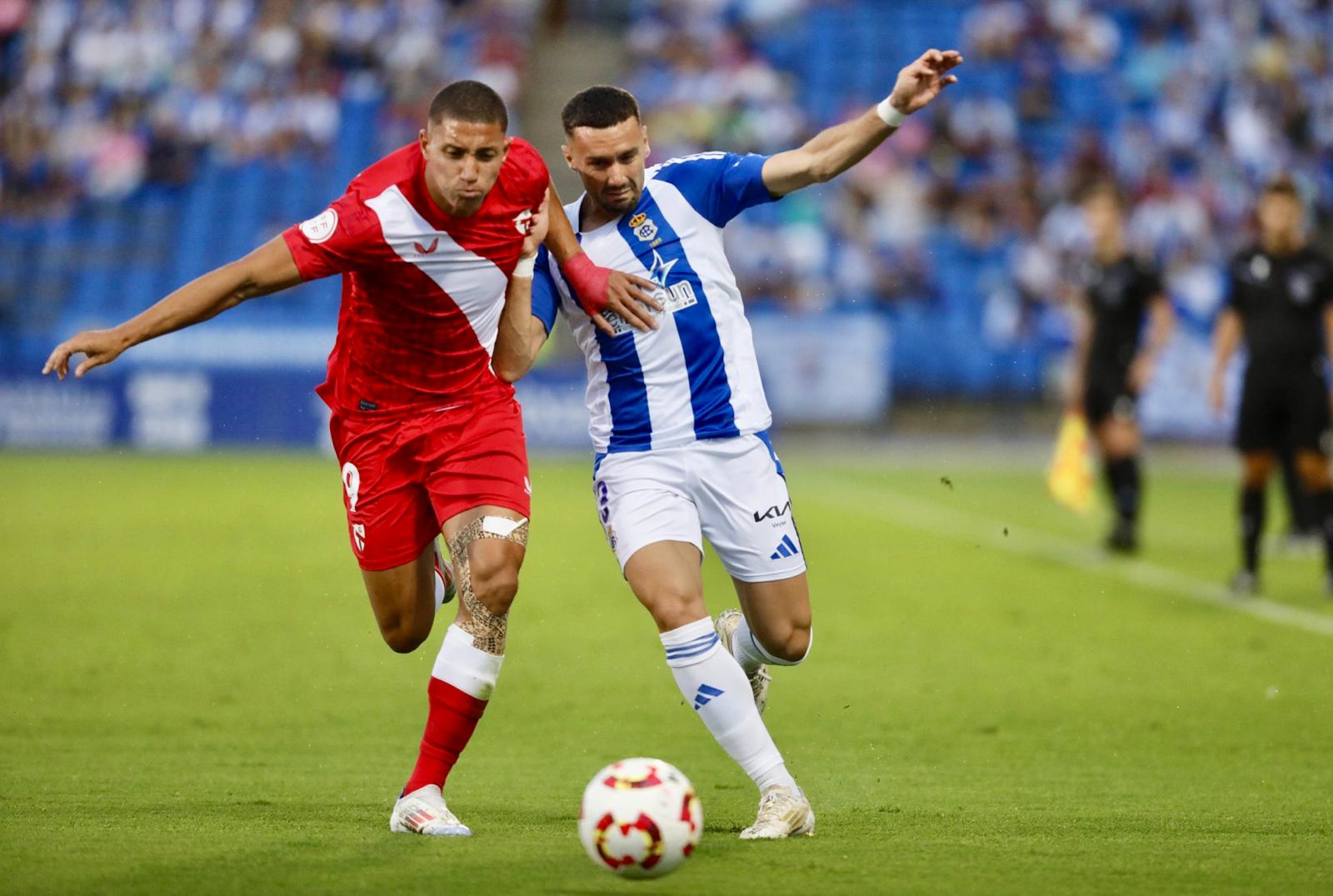 Fuente: Alberto Díaz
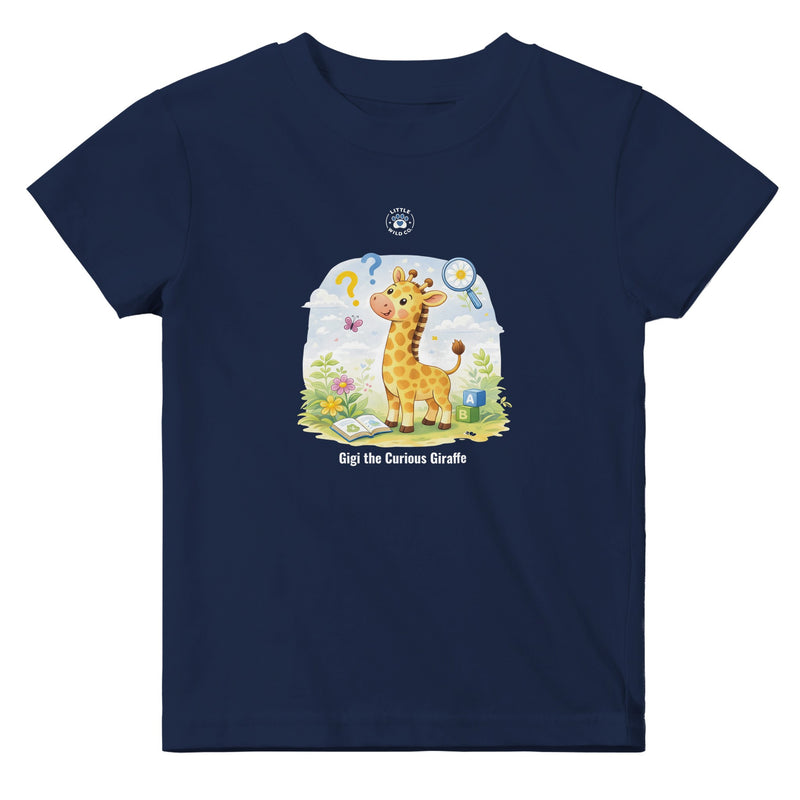 05edf80f-5a4a-4d55-b093-ce9397c102f3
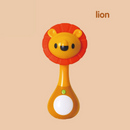 SONAJERO ANIMALES 8788 MM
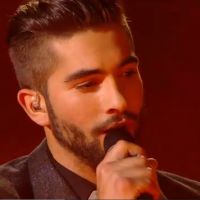 The Voice 3, le meilleur: Les belles prestations de Amir, Igit, Manon et... Kendji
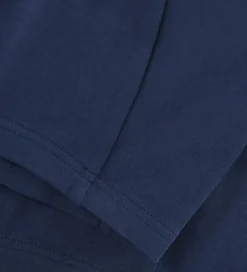 Undertøj|Basis|CeLaVi Boxershorts - 2-pak - Oceania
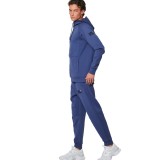 BODY ACTION 023532-01-04 Blue Image 1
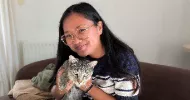 avatar petsitter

◇ ◇ ◇ ◇

■ **Required work**:
Set down the line containing "The Voice 3, le", then every later line through the end of the material, exactly as written; omit any picture.

■ **Written reply**:
 The Voice 3, le meilleur: Les belles prestations de Amir, Igit, Manon et... Kendji
 Undertøj|Basis|CeLaVi Boxershorts - 2-pak - Oceania
 BODY ACTION 023532-01-04 Blue Image 1
 avatar petsitter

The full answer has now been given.